Text relocations in kernel modules
ryao at cs.stonybrook.edu
Mon Apr 2 20:03:58 UTC 2012
On 04/02/12 15:37, Peter Wemm wrote:
> On Mon, Apr 2, 2012 at 12:23 PM, Richard Yao <ryao at cs.stonybrook.edu> wrote:
>> On 04/02/12 14:46, Peter Wemm wrote:
>>> Remember.. ASLR is a userland thing. .ko files, which is what this
>>> thread is about, already use random address layout. When you do a
>>> "kldload virtio.ko", you have no way to predict what address it will
>>> be loaded at. And you don't even have access to the addresses.
>>> Of course if you want to talk about ASLR and userland .so files then
>>> that's an entirely different thing.

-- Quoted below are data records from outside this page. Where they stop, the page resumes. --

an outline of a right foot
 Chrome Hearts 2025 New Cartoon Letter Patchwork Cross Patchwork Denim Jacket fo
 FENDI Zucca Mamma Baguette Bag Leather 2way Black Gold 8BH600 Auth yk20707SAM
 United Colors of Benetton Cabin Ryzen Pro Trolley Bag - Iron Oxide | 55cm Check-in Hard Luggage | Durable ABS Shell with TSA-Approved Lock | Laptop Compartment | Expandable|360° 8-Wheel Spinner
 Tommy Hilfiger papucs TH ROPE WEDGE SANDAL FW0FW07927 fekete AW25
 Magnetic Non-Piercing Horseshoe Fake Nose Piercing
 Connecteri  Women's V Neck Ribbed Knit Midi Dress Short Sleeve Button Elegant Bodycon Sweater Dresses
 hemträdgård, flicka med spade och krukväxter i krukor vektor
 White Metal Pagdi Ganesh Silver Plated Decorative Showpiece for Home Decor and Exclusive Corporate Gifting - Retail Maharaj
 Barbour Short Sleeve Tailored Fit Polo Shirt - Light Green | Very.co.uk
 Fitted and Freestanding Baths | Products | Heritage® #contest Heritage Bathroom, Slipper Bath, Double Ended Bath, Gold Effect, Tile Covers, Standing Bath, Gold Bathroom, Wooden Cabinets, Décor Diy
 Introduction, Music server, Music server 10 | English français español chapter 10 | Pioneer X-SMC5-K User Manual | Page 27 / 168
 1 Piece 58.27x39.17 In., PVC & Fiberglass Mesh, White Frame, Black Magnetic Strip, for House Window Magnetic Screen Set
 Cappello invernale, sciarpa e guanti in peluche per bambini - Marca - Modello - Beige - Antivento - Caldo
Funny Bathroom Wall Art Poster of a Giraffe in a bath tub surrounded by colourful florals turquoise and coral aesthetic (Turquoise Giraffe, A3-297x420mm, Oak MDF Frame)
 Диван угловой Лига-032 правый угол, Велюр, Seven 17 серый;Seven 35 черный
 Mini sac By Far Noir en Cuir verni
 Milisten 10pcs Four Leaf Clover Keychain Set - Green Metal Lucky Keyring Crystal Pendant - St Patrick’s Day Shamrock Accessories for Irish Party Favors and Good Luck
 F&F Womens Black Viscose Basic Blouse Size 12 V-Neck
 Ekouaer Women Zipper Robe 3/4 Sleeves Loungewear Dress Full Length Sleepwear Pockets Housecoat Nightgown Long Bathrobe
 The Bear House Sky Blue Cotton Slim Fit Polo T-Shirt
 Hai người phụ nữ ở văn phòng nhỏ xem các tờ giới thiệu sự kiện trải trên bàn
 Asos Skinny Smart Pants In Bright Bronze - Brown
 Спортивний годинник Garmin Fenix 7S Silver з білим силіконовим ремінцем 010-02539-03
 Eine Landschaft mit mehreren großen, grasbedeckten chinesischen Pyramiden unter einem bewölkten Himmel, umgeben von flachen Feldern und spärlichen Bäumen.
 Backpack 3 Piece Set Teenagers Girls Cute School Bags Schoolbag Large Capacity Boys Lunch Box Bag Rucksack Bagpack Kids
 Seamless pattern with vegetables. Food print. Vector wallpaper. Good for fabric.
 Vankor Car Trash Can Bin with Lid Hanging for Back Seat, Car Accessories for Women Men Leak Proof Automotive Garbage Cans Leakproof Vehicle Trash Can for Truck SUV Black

But this thread is about your
>>> tools finding DT_TEXTREL in a .ko kernel file, not userland .so files.
>> The PaX project's patches to the Linux kernel include kernel stack
>> randomization. The Gentoo Hardened project makes use of this in their
>> fork of the Linux kernel.
> I looked at their code, and their description here:
> Of note:
> "pax_randomize_kstack() gathers entropy from the rdtsc instruction
> (read time stamp counter) and applies it to bits 2-6 of the kernel
> stack pointer. This means that 5 bits are randomized providing a
> maximum shift of 128 bytes - this was deemed safe enough to not cause
> kernel stack overflows yet give enough randomness to deter
> guessing/brute forcing attempts."
> This has nothing to do with the DT_TEXTREL in .ko that this thread is
> about and has no bearing on ASLR in any way.
There are plenty of techniques employed to do ASLR by both the upstream
Linux kernel and the PaX patches to it. I only needed to state one to
prove that you were wrong about ASLR being exclusive to userland.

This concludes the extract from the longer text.